Armin Ronacher responded to this result on Twitter, and said the
isinstance
business is likely a performance regression due to Python 3
compatibility in Werkzeug...
Switching to wheezy.http?
I wondered now whether I should switch Morepath to wheezy.http. It is certainly an attractive library, along with some of the other wheezy.* libraries.
My main trouble with it is that wheezy.http has seen much less real-world battle testing than either Werkzeug or WebOb. Looking at its source code the request and response wrappers were very simple indeed, which made them a lot easier to read than the equivalent implementations in Werkzeug and WebOb. That is certainly attractive. But they also seemed to do rather little with encodings. And later I heard from Chris McDonough that wheezy.http will have trouble dealing with non-ascii URLs.
WebOb
There was an obvious candidate sitting around that I hadn't tried yet: WebOb.
I had initially deliberately avoided using WebOb for Morepath for two reasons:
- when I had to do some other WSGI work I found that Werkzeug had a nicer lower-level API exposed that let me work with raw WSGI better.
- Pyramid is already using WebOb, and I figured since Morepath was already similar enough to Pyramid anyway I could try Werkzeug for a change. Perhaps using it would benefit Morepath in some ways I could not foresee.
The second reason wasn't very good, except for one thing: I learned more about Flask and could model aspects of the Morepath documentation after it. Otherwise Werkzeug and WebOb are pretty interchangeable. And I'm confident Morepath is different enough from Pyramid anyway.
Now I had a strong reason to try WebOb: performance. I know that Chris McDonough had been working on WebOb a lot and that he cares a lot about performance, so I figured I should give it a shot.
So I swapped in WebOb and tried the benchmark again. The first result was disappointing:
msec rps tcalls funcs
flask 14638 6832 257 119
morepath 15089 6627 289 95
Morepath was only a little bit faster, and still flower than Flask. What's going on here?

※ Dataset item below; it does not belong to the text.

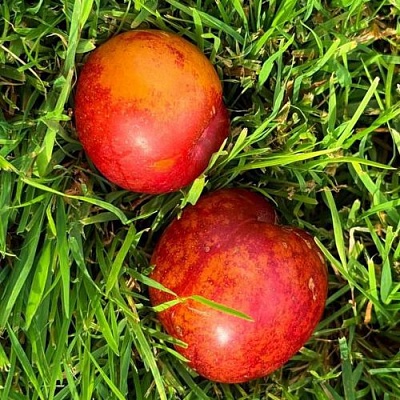 Шарафуга НЕКТАРИННАЯ в Истре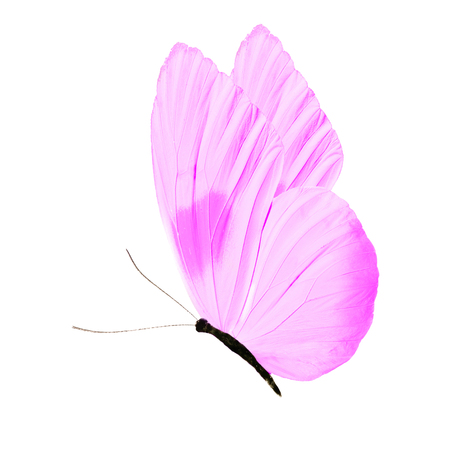 purple flying butterfly isolated on white backgroundの写真素材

Turning on the profiler showed me what was going on:
ncalls tottime percall cumtime percall filename:lineno(function)
1700000 1.829 0.000 5.270 0.000 lookup.py:136(all)
800000/300000 1.495 0.000 13.850 0.000 mapply.py:5(mapply)
800000 1.047 0.000 1.980 0.000 request.py:1405(__setattr__)
WebOb's request.py __setattr__
was showing up at number 3. I
discovered that WebOb's request object has some magic that observes
attributes. I also discovered that WebOb has a BaseRequest
that
doesn't include this magic.
WebOb: the results
So I tried things again using BaseRequest
instead:
msec rps tcalls funcs
flask 14741 6784 257 119
morepath 12236 8173 245 92
That makes Morepath 30% faster with WebOb than with Werkzeug and faster than Flask.
Not as good as with wheezy.http, but using a much more battle-tested framework, so not bad. This gets Morepath closer to Django and Tornado at this. Once I optimize Reg I think I can get closer still.
Also see that the amount of functions called during a request dropped from 314 to 245, and the amount of functions used drom and used has dropped from 122 to 92.
Switching Morepath to WebOb
If I wanted to switch something as big as a request/response implementation, now was the time: before a Morepath release. So I made the switch.
It wasn't difficult; the APIs are very similar. The most work was actually porting the Morepath tests, but that got a lot easier once I discovered the webobtoolkit library.
Another benefit of switching to WebOb is that it may eventually allow more code sharing between the Morepath and Pyramid ecosystems. I suspect the easier candidate for code sharing would be Tweens, as Morepath and Pyramid now have the same basic Tween API.
I've followed up this post with some feedback about Werkzeug and WebOb in general.